Strangers on the internet
Originally Published: October 15, 2010
I have an email address and chat with some of my friends online. My problem is I have to keep changing my email address because someone/people keep hacking into my email account. It is very frustrating. I try to keep my password and account as secure as possible, but it doesn't seem to make any difference. Also I keep getting people I don't know adding me to their contacts lists on my chat program. They pretend they know me and say they go to my school. For example, one guy who said his name was Carl said I gave him my email address in assembly at school. I knew this was a lie because I go to an all-girls school. I really want this to stop, but I don't know how!
Annoyed and Upset Girl
Dear Annoyed and Upset Girl,
Chatting online may be an excellent way to connect — it's free (unlike texting) and it's instantaneous (unlike email). And the keyboard has way more emoticon options than a cell phone. It would make anyone annoyed and upset to have to deal with the harassment you're experiencing. You're on the right track thus far with the steps you've taken to protect yourself online.
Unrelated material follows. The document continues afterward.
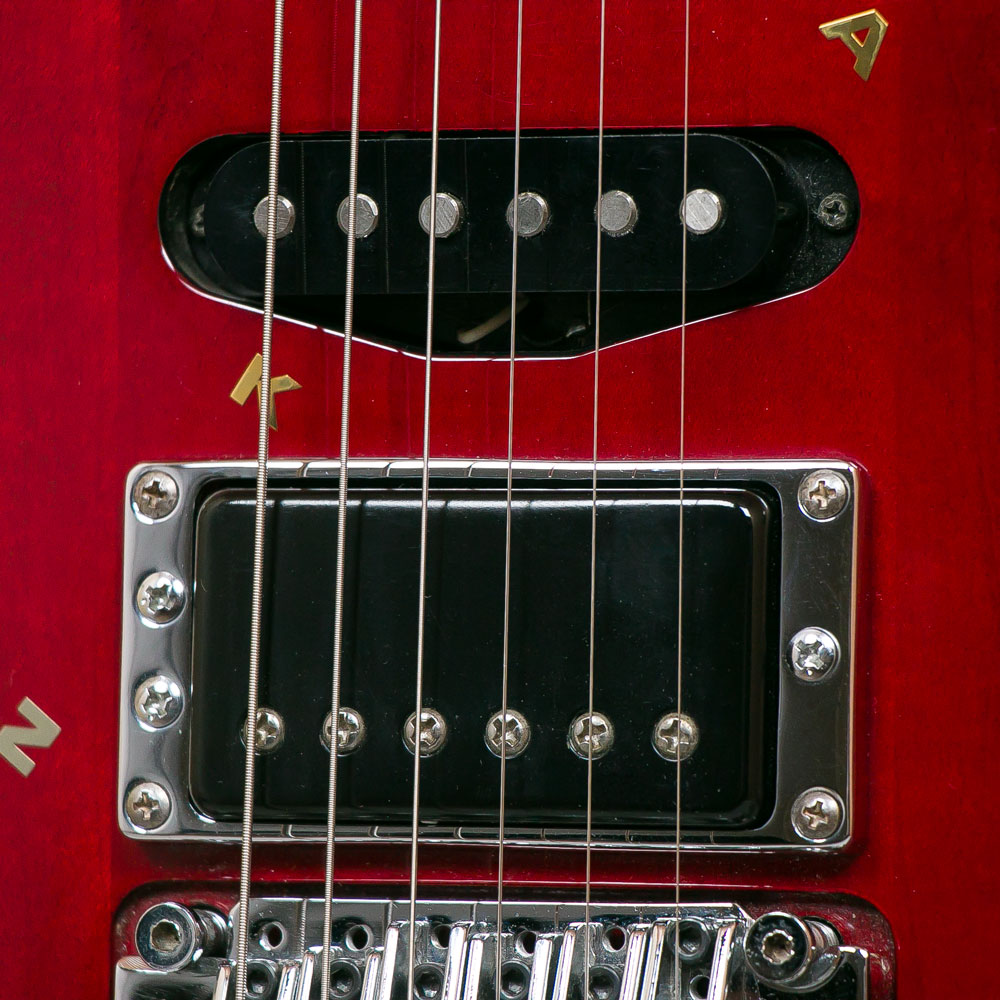 YAMAHA SG-T2 See Through Red TAKANAKA MASAYOSHI Signature 15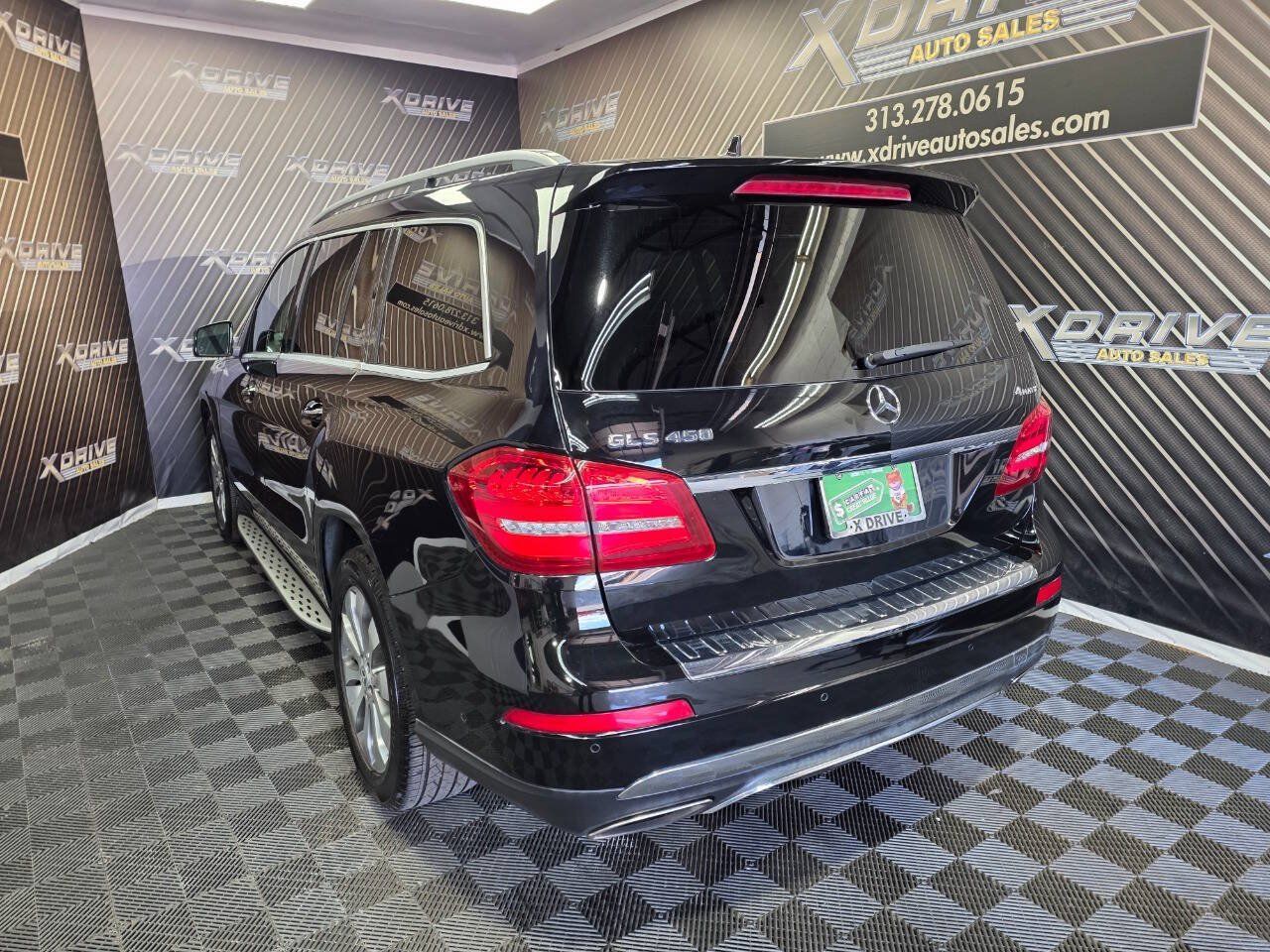 Used 2017 Mercedes-Benz GLS 450 4MATIC w/ Premium Package image 12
Some more tips to try include:
- Avoid sharing your password with anyone, no matter how close you are to them. Some people choose to share their passwords with people they're dating or their closest friends, sometimes as a way of demonstrating trust or closeness. Unfortunately, some people may take advantage of this. Try to keep passwords to email accounts, chat rooms, social networking websites, or any other online space that you visit to yourself only.
- Are you logging in on public computers? Remember to log off when you're done and to delete the browser's history. Most web browsers have an option in the pull down menu at the top of the screen that lets you delete browsing history. This is a good safety measure to use whenever you login to your account on any shared computer.
- Use a screen name that doesn't resemble your real name. May people who aren't friends of yours identify you by your screen name? Make sure it's something totally different from your real name.
- Get into the habit of changing your password every few weeks and keep it hidden if you write it down. Some password tips: use at least eight characters and mix it up (use symbols, numbers, spaces, upper and lower case) if the site allows for them.
- If people add you to their chat list and you don't know them, decline them. If this option isn't available, block them entirely. Check your privacy settings. Can you make your screen name and email invisible to others who aren't on your list? This may be a good safety measure, as well.
- Consider switching to another email provider. Some providers have better spam blockers and privacy settings than others. If you continue to experience trouble with your current account, consider switching.
Your skepticism about "Carl" and other strangers who have tried to chat with you is right on. Generally speaking, it's unwise to chat with or email someone who is harassing you. If someone is persistent, however, it may be useful to set a clear boundary by very clearly telling that person to stop. "Do not contact me anymore" is sufficient. Make sure you save all of the chats or messages from the person — documented evidence of the harassment may come in handy, even though you may have the urge to erase the messages. Lastly, if you feel unsafe or threatened, notify appropriate authorities or call the police. Hopefully, changing services or taking extra precautions with your password will be enough to stop this and you can go back to learning new emoticons.